- **Exercise instructions**
Transcribe all data verbatim. Skip the pictures.

Captioned web images
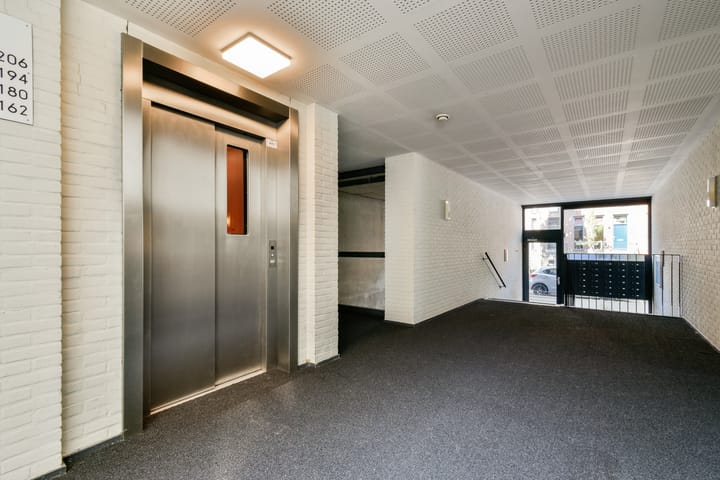 Foto 23 van Johan van der Keukenstraat 194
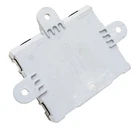 2012 Land Rover LR4 Suv Right Front Door Control Module BH4214D617AA Oem. Fixed Price $64.80.
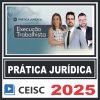 execucao-trab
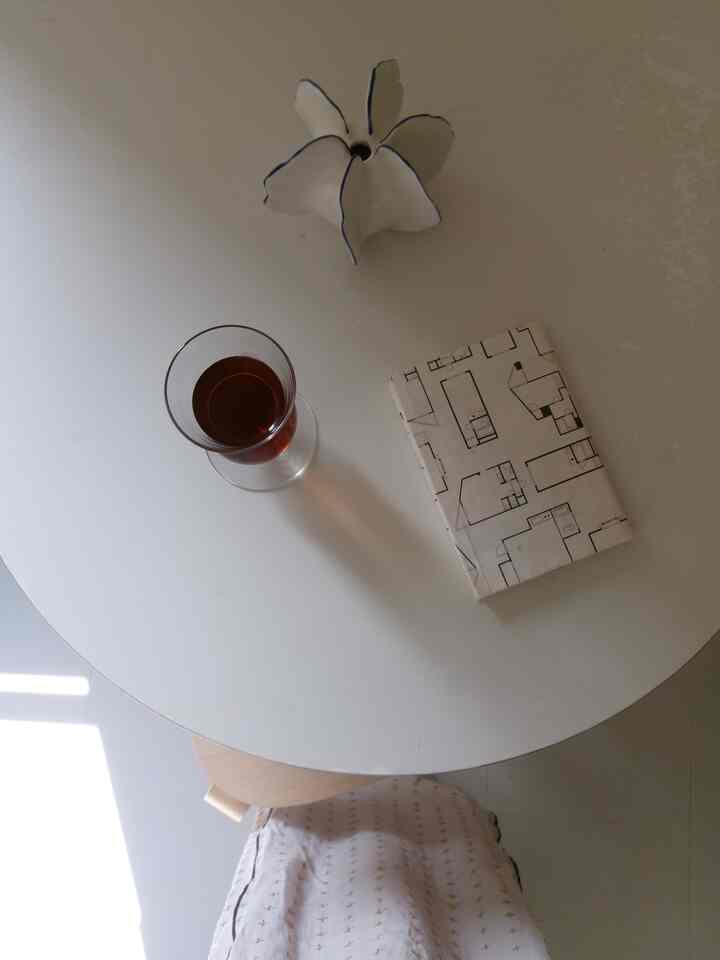 ___r.omさんのインテリア実例写真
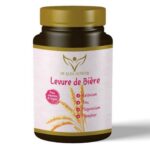 health power levure de bierre 360 cps 1.jpg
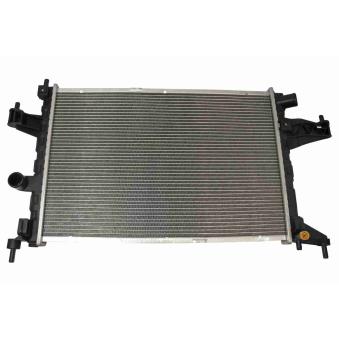 Radiateur, refroidissement du moteur VEMO OEM 24445162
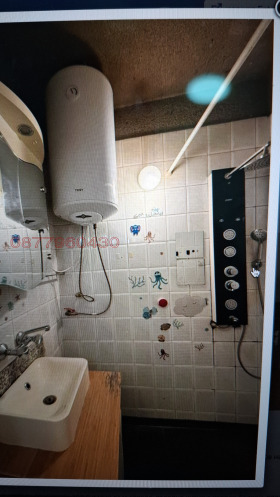 ������� ���� | Imot.bg � ����� ������ 3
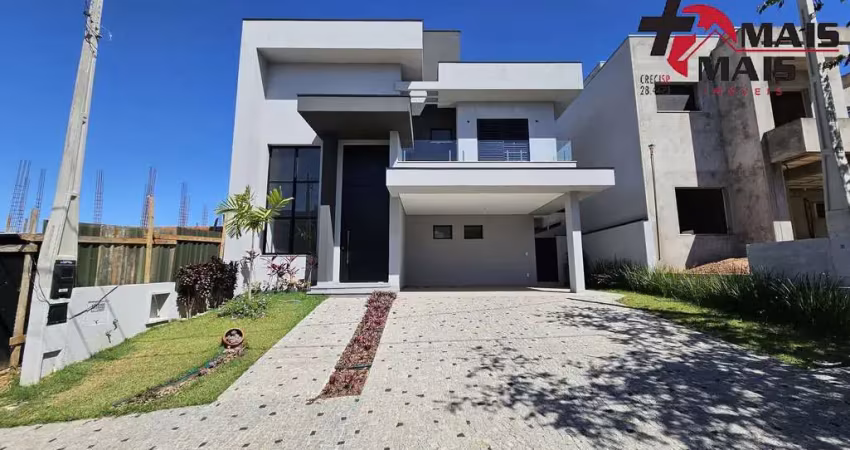 Magnífica residência de alto padrão no swiss park em campinas-sp: 4 quartos, 4 suítes, 3 salas, 6 banheiros e 4 vagas.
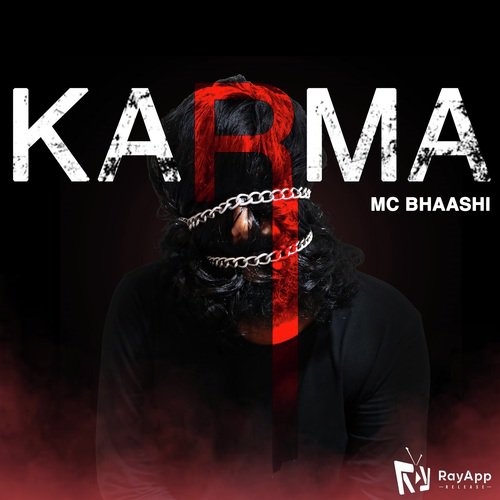 Vazhi ft Garulaz - Various Artists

- **Written solution**
 Foto 23 van Johan van der Keukenstraat 194
 2012 Land Rover LR4 Suv Right Front Door Control Module BH4214D617AA Oem. Fixed Price $64.80.
 execucao-trab
 ___r.omさんのインテリア実例写真
 health power levure de bierre 360 cps 1.jpg
 Radiateur, refroidissement du moteur VEMO OEM 24445162
 ������� ���� | Imot.bg � ����� ������ 3
 Magnífica residência de alto padrão no swiss park em campinas-sp: 4 quartos, 4 suítes, 3 salas, 6 banheiros e 4 vagas.
 Vazhi ft Garulaz - Various Artists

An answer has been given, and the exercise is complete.